### TASK MATERIAL
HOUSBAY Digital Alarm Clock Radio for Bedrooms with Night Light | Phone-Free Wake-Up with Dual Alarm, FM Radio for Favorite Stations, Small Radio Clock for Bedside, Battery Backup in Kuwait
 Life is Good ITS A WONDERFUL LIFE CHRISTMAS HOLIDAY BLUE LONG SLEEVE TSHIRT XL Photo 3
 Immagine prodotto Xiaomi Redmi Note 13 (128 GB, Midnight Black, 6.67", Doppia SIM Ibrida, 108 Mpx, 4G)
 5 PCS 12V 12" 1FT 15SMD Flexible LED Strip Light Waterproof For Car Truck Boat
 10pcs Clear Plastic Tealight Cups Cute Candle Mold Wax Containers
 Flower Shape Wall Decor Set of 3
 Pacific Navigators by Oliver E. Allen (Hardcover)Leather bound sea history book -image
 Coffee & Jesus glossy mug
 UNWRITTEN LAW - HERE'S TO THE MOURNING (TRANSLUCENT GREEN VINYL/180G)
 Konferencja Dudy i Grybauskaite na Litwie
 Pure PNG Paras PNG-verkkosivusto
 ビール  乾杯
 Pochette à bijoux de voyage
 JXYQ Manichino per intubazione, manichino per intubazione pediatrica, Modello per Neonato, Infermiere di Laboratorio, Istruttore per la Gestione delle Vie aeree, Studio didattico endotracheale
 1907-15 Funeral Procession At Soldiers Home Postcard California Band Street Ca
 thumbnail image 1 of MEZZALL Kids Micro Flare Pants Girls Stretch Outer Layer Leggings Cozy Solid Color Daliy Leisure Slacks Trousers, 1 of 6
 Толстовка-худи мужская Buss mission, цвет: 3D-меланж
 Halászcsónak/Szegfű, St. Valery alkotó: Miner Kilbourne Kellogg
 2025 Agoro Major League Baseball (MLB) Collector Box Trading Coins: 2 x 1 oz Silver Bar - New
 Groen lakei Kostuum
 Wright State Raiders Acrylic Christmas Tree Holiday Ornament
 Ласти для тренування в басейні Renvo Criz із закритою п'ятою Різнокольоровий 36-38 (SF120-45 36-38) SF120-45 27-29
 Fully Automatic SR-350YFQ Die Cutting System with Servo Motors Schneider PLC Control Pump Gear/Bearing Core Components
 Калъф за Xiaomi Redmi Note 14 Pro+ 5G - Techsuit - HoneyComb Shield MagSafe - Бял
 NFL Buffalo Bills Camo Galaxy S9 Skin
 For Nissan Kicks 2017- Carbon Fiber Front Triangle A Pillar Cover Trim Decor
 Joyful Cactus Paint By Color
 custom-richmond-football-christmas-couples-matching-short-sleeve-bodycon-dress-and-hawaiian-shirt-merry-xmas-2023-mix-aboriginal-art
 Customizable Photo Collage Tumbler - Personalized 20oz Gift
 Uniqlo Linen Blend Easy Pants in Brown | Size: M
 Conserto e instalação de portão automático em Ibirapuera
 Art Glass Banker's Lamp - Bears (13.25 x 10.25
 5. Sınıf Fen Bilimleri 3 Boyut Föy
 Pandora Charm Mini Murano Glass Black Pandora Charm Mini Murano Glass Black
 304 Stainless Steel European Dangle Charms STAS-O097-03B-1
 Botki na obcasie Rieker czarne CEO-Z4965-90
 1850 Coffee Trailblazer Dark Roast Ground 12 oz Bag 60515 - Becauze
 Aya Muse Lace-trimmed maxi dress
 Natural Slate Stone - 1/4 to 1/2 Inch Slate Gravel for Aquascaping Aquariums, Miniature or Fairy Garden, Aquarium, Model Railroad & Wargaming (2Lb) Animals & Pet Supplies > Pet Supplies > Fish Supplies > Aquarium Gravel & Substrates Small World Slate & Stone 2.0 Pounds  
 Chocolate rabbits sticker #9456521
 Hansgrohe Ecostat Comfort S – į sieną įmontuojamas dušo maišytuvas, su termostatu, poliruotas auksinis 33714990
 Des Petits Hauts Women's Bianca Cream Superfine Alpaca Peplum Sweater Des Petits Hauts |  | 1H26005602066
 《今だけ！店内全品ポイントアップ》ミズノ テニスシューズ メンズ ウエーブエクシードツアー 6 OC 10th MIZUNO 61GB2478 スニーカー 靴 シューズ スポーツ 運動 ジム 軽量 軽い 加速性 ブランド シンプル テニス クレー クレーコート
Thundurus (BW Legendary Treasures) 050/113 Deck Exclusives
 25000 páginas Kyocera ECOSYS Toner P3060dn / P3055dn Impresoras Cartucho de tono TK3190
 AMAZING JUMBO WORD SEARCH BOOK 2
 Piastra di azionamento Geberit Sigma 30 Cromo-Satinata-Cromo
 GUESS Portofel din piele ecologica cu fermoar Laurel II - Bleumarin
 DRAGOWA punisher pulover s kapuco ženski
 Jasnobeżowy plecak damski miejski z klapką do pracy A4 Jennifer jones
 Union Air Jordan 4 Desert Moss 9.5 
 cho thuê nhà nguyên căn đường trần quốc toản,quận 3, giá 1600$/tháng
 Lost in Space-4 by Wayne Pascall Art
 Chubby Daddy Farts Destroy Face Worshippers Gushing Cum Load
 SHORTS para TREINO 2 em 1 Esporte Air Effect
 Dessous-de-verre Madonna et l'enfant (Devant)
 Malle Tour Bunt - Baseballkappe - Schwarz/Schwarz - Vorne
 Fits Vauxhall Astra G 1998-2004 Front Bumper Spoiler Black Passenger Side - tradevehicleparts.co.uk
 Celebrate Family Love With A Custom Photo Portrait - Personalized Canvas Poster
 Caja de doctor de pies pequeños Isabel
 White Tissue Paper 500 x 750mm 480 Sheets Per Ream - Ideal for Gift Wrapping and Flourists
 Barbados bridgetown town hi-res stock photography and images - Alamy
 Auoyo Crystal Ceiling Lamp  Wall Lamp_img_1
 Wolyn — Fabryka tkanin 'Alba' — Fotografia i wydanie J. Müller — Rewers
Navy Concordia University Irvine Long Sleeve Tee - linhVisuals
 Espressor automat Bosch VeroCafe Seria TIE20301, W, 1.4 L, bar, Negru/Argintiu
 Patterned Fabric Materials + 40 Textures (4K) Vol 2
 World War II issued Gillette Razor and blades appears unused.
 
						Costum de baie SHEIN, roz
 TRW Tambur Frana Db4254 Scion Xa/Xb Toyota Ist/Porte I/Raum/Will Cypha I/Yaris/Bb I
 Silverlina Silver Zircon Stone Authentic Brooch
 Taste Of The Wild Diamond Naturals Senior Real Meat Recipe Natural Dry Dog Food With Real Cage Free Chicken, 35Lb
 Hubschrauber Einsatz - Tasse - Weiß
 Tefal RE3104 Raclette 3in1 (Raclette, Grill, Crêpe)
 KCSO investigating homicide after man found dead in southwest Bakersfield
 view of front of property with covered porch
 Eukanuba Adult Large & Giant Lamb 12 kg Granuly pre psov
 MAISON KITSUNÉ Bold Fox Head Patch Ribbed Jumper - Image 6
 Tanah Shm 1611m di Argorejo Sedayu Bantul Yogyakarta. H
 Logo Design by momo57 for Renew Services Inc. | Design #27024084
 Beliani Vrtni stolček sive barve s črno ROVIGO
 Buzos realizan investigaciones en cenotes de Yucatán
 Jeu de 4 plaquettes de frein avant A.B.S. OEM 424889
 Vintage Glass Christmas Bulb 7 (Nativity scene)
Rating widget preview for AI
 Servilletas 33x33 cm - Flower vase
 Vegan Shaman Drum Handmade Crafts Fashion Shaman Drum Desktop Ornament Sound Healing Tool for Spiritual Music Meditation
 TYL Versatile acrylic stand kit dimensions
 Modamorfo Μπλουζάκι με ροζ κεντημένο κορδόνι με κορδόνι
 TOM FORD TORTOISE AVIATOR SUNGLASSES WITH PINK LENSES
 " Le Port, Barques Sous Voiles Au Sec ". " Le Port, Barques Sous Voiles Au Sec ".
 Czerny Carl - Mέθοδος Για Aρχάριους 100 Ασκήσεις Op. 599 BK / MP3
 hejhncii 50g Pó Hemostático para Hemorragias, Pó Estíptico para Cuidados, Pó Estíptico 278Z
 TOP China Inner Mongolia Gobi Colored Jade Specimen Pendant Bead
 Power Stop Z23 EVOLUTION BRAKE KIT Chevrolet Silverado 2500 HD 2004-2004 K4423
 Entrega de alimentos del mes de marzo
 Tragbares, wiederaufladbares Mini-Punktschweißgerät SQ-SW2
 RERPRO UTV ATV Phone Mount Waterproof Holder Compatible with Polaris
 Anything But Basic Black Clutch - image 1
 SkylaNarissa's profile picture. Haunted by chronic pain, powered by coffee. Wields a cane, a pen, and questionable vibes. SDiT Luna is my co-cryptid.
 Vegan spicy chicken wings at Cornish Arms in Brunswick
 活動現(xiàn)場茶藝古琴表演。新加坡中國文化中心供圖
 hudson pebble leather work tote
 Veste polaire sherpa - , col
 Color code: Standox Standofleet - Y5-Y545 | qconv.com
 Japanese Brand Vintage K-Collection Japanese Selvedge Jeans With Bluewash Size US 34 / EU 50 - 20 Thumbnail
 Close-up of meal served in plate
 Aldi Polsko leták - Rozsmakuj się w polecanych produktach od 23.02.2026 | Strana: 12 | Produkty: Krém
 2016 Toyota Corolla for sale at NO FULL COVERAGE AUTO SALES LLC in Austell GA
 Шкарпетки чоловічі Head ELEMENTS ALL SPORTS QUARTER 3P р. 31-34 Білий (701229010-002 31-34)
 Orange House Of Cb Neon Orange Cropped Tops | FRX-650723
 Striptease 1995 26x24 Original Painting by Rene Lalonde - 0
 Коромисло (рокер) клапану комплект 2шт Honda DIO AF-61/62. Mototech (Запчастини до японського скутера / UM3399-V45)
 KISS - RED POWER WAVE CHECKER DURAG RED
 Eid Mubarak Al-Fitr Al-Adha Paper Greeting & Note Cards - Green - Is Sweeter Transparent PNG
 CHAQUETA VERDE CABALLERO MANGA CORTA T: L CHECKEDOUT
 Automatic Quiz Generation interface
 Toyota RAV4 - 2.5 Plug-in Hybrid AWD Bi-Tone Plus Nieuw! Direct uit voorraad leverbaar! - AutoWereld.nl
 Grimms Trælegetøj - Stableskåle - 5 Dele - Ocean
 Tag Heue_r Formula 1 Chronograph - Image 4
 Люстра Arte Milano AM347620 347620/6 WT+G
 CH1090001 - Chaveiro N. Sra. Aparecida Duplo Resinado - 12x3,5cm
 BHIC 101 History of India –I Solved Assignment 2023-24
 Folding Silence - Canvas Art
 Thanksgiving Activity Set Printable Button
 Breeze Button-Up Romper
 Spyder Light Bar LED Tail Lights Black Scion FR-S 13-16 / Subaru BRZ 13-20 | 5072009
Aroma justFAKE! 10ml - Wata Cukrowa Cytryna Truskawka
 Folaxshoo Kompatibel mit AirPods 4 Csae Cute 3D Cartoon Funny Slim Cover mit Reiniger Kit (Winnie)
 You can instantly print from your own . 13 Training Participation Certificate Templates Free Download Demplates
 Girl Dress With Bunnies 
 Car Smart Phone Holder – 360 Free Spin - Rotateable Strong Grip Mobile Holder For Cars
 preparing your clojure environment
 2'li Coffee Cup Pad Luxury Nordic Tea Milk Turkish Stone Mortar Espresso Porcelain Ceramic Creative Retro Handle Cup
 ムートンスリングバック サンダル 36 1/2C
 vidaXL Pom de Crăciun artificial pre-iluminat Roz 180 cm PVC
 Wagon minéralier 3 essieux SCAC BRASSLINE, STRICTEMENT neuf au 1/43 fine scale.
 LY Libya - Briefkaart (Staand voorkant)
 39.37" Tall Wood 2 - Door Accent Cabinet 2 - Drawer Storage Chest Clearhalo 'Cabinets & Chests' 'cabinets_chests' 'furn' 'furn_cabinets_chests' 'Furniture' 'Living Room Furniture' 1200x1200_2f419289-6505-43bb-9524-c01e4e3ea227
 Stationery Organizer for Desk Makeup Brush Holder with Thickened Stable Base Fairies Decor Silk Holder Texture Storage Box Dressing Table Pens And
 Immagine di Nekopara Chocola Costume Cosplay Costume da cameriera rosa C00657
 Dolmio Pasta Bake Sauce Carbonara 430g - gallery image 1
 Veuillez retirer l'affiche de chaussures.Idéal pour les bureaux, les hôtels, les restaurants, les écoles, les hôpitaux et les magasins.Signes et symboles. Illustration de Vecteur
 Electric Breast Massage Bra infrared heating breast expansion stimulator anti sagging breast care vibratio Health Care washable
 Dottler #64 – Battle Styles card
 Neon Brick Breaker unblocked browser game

### ACTIVITY
Give back, word for word, only the lines above from the line holding "Entrega de alimentos del mes de marzo" to the line holding "Japanese Brand Vintage", both included.

### RESPONSE AREA
 Entrega de alimentos del mes de marzo
 Tragbares, wiederaufladbares Mini-Punktschweißgerät SQ-SW2
 RERPRO UTV ATV Phone Mount Waterproof Holder Compatible with Polaris
 Anything But Basic Black Clutch - image 1
 SkylaNarissa's profile picture. Haunted by chronic pain, powered by coffee. Wields a cane, a pen, and questionable vibes. SDiT Luna is my co-cryptid.
 Vegan spicy chicken wings at Cornish Arms in Brunswick
 活動現(xiàn)場茶藝古琴表演。新加坡中國文化中心供圖
 hudson pebble leather work tote
 Veste polaire sherpa - , col
 Color code: Standox Standofleet - Y5-Y545 | qconv.com
 Japanese Brand Vintage K-Collection Japanese Selvedge Jeans With Bluewash Size US 34 / EU 50 - 20 Thumbnail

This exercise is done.